DATA LISTING:
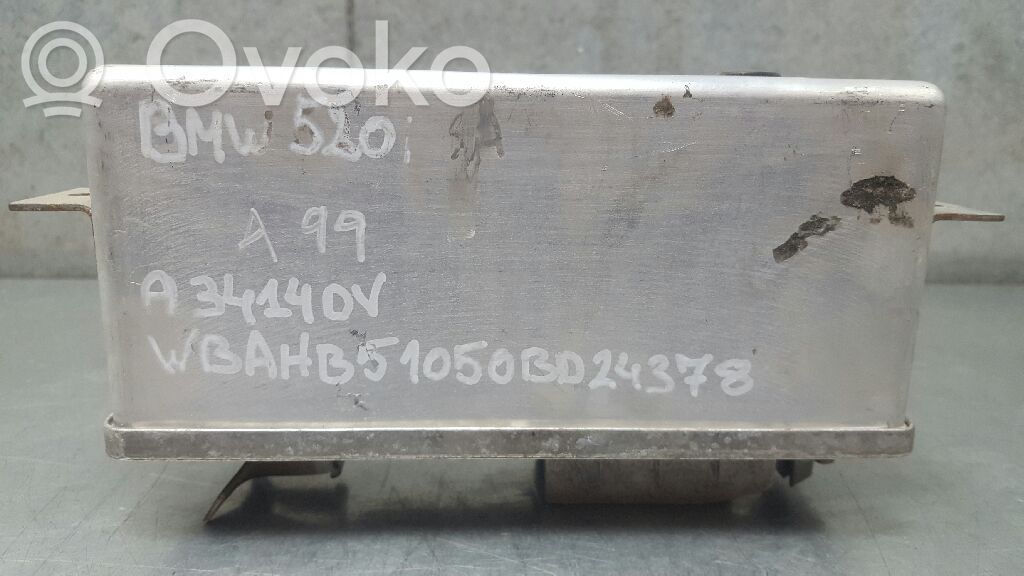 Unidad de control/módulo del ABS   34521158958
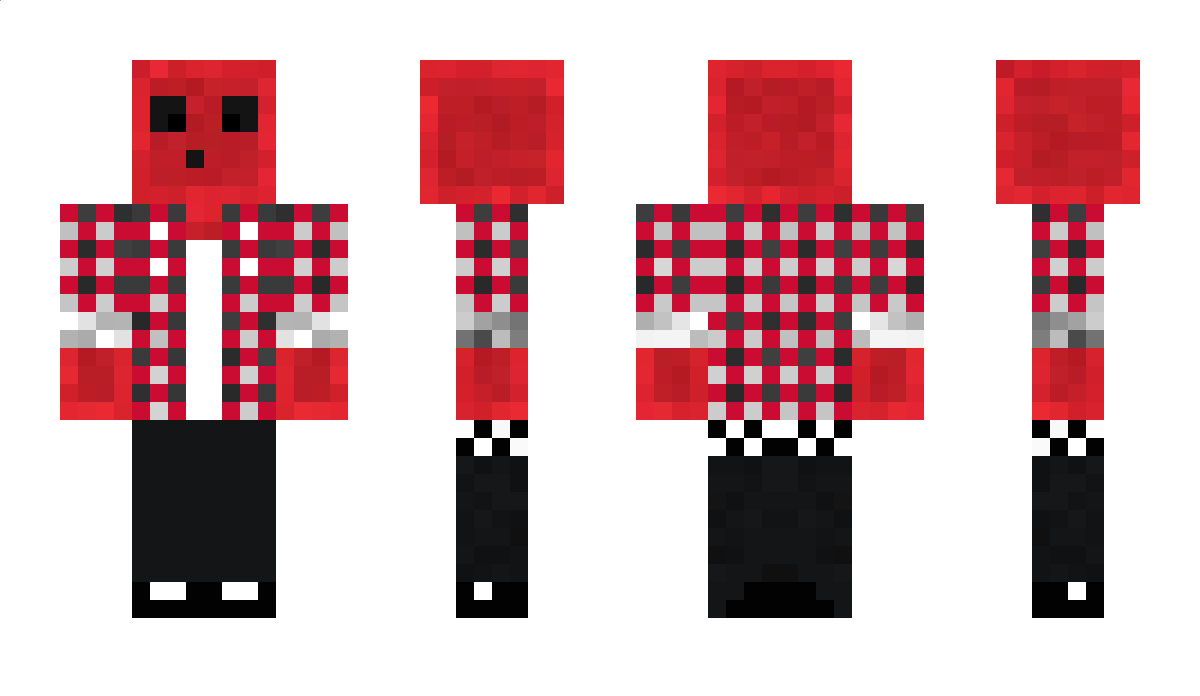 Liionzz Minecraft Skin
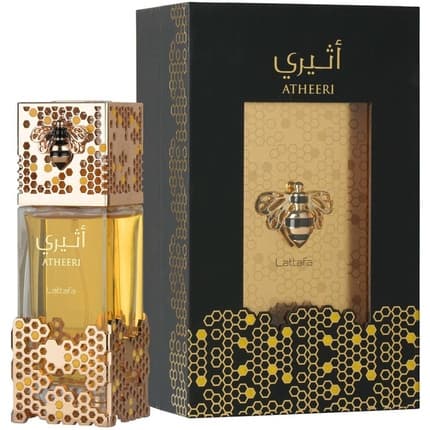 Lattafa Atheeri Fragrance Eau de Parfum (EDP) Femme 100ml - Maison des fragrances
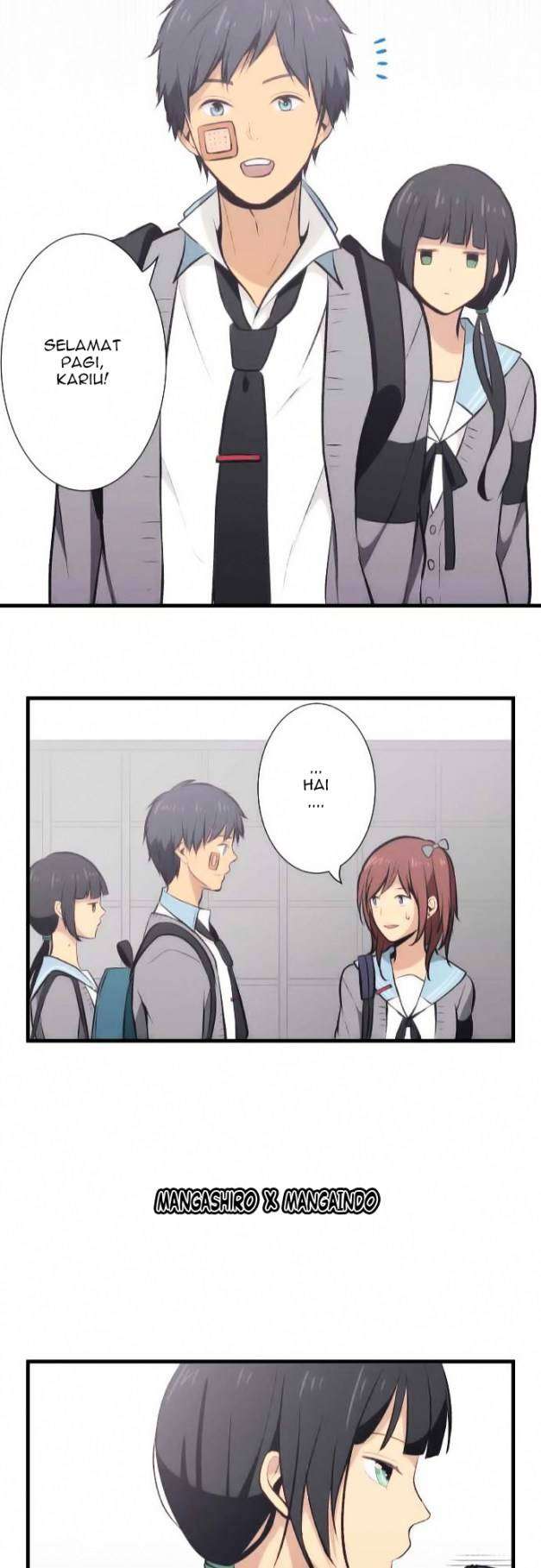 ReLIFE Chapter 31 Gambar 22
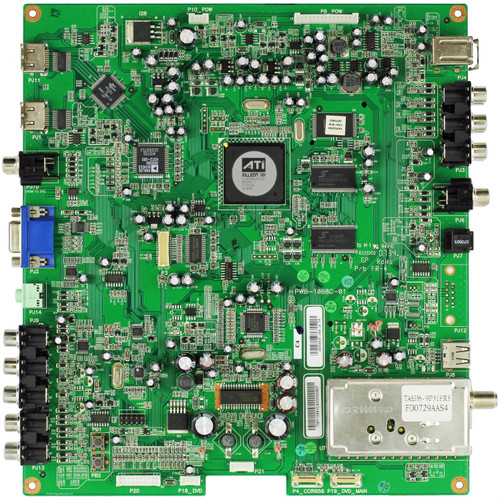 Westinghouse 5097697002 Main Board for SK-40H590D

...

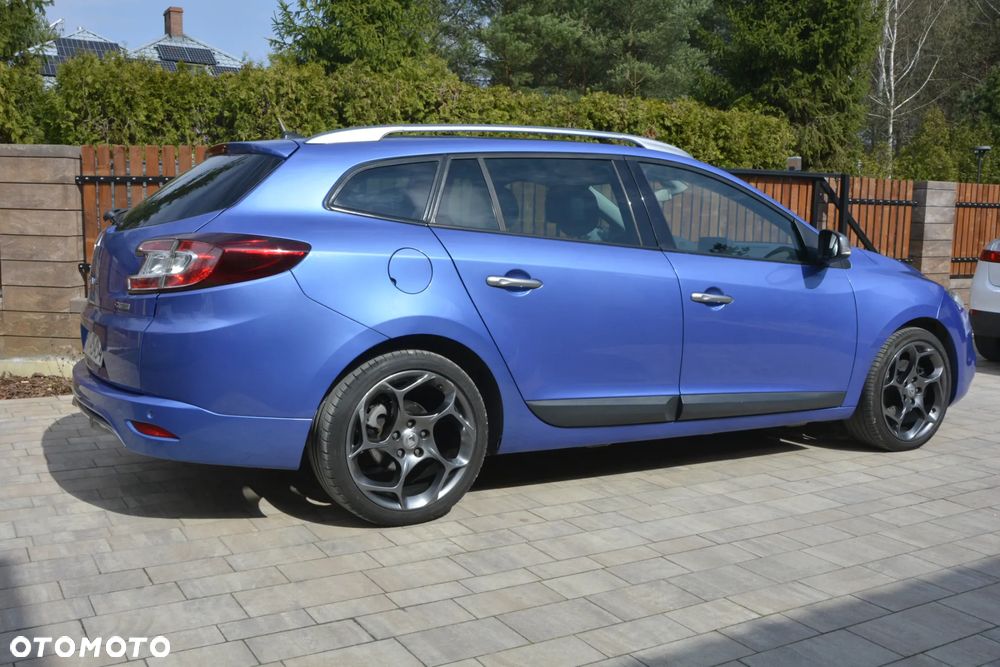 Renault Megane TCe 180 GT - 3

TO DO:
The expected output is the lines above from the one containing "Unidad de control/módulo" to the one containing "Westinghouse 5097697002 Main", both ends included, reproduced exactly with every picture left out.

SOLUTION TO THE PROBLEM:
 Unidad de control/módulo del ABS   34521158958
 Liionzz Minecraft Skin
 Lattafa Atheeri Fragrance Eau de Parfum (EDP) Femme 100ml - Maison des fragrances
 ReLIFE Chapter 31 Gambar 22
 Westinghouse 5097697002 Main Board for SK-40H590D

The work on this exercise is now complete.